In this study, we collected meconium and fecal samples from preterm infants with different GA and term infants from the neonatal period until 1 year after birth, and analyzed the microbiota composition using 16S rRNA sequencing. Subsequently, we compared the gut microbiota composition of different GA preterm infants with that of term infants at different time points after birth. Finally, we profiled the dynamic changes in the gut microbiota of preterm infants between different GA and different ages after birth.

Materials and Methods

Study Cohort

Informed consent was obtained from the parents of the enrolled newborns. The study was conducted in accordance with the Declaration of Helsinki, and the protocol was approved by the Ethics Committee of Peking University Third Hospital (No. M2017183).

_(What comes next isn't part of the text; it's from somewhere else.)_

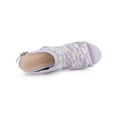 thumbnail image 4 of BLISSFUL STEP Chaussures pour Femmes Sandales Compensées à Bout Ouvert à Plateforme avec Lacets Violet Jaune 5,5, 4 of 7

Term infants were recruited at the Department of Obstetrics of Peking University Third Hospital as controls. Preterm infants (GA: 24–37 weeks) were recruited at the neonatal intensive care unit (NICU) of the Department of Pediatrics of Peking University Third Hospital.

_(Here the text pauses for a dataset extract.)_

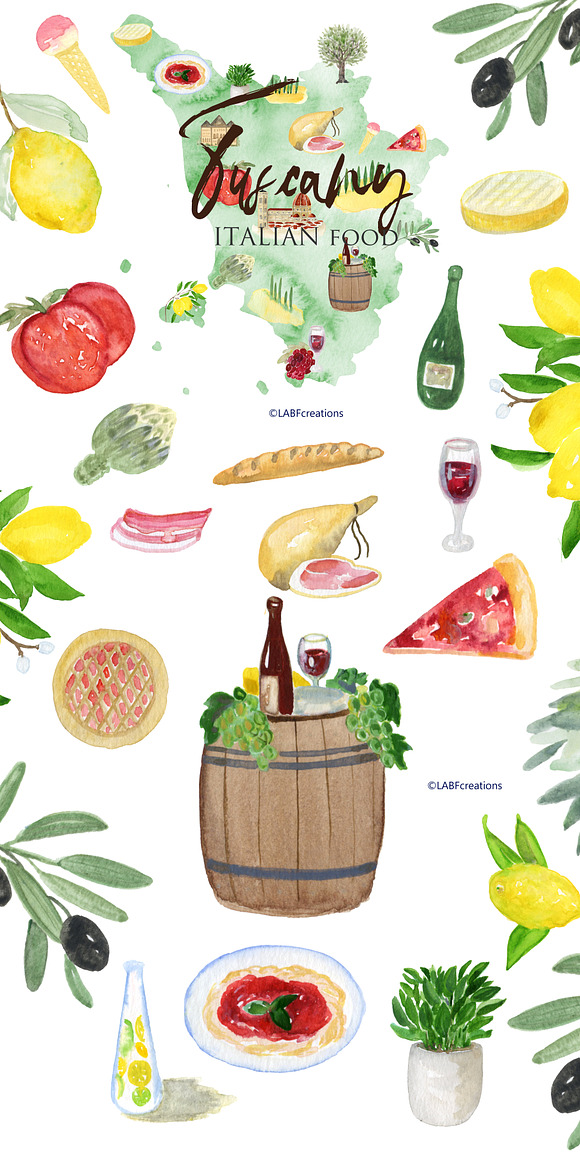 Tuscany Italy Watercolor maps & food in Illustrations - product preview 6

Eligibility criteria included women aged 18 years and older with the intention to breastfeed for at least fourth months postpartum. Women who delivered infants with congenital malformations, genetic diseases, or those who required surgery were excluded. Participants were grouped into four groups according to their infants’ GA at birth: extremely preterm (< 28 weeks; EP), very preterm (28–32 weeks; VP), moderate to late preterm (32–37 weeks; MP), and full-term (37–42 weeks, T). The study flowchart is depicted in Figure 1.

FIGURE 1
www.frontiersin.org

Figure 1. Flow chart of the study cohort.

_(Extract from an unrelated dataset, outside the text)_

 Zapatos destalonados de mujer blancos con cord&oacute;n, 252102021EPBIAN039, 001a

Baseline information of both the mothers and infants, which included maternal factors (age, weight, height, and mode of delivery) and the infants’ gestational age, birth weight, length, head circumference, Apgar score at 1 min and 5 min after birth, and disease, was collected through the electronic medical record system.

Sample Collection

Meconium samples were collected the of every neonate during first 2–3 days, for some preterm babies, within 1 week after birth. And other fecal samples were collected at days 14, 28, 120, and 1 year after birth. Using a collection tube containing 8 mL of DNA stabilizer reagent (PSP Spin Stool DNA Plus Kit, STRATEC Biomedical AG, Birkenfeld, Germany). The fecal samples of preterm infants were obtained as part of routine care in the NICU by nurses and stored at −80°C. At home, fecal samples were collected by the parents of the infants. Home-collected samples were immediately stored at −20°C and delivered to the hospital on ice bags or dry ice and stored at −80°C.

16S rRNA Sequencing

DNA was extracted from each fecal sample using QIAamp Fast DNA Stool Mini Kit (Qiagen, Germany), following the manufacturer’s protocol, which included preceding bead beating. The V3–V4 hypervariable region of the 16S rDNA gene was amplified using the universal primer pair 341F (5′-CCTACGGGAGGCAGCAG-3′) and 806R (5′-GGACTACHVGGGTWTCTAAT-3′). The PCR amplification conditions were as follows: initial denaturation at 98°C for 1 min, followed by 30 cycles at 98°C for 10 s, 50°C for 30 s, and 72°C for 30 s, and a final extension step at 72°C for 5 min. The PCR products (approximately 200 bp) were separated by electrophoresis in agarose gels (2%, w/v), purified with Qiagen Gel Extraction Kit (Qiagen, Germany), and then pooled at equal concentrations. Pyrosequencing was conducted on an Illumina Hiseq 2500 (Illumina, United States).

Sequence Data Processing and Statistics

All paired-end reads were assigned to each sample based on their unique barcodes and then merged using Fast Length Adjustment of Short reads (FLASH) software. Merged sequences of poor quality were identified and removed by Quantitative Insights into Microbial Ecology (QIIME2) quality filters under specific filtering conditions (Q-score ≥ 25). Chimera removal and dereplication of the reads were performed using USEARCH. Unique sequences in the high-quality merged sequences of each sample were assigned to the same operational taxonomic units (OTUs) at an identity threshold of 97% similarity. A representative sequence was screened for each OTU and used to assign taxonomic composition by the classifier approach in the Ribosomal Database Project database (Wang et al., 2007; Cole et al., 2009).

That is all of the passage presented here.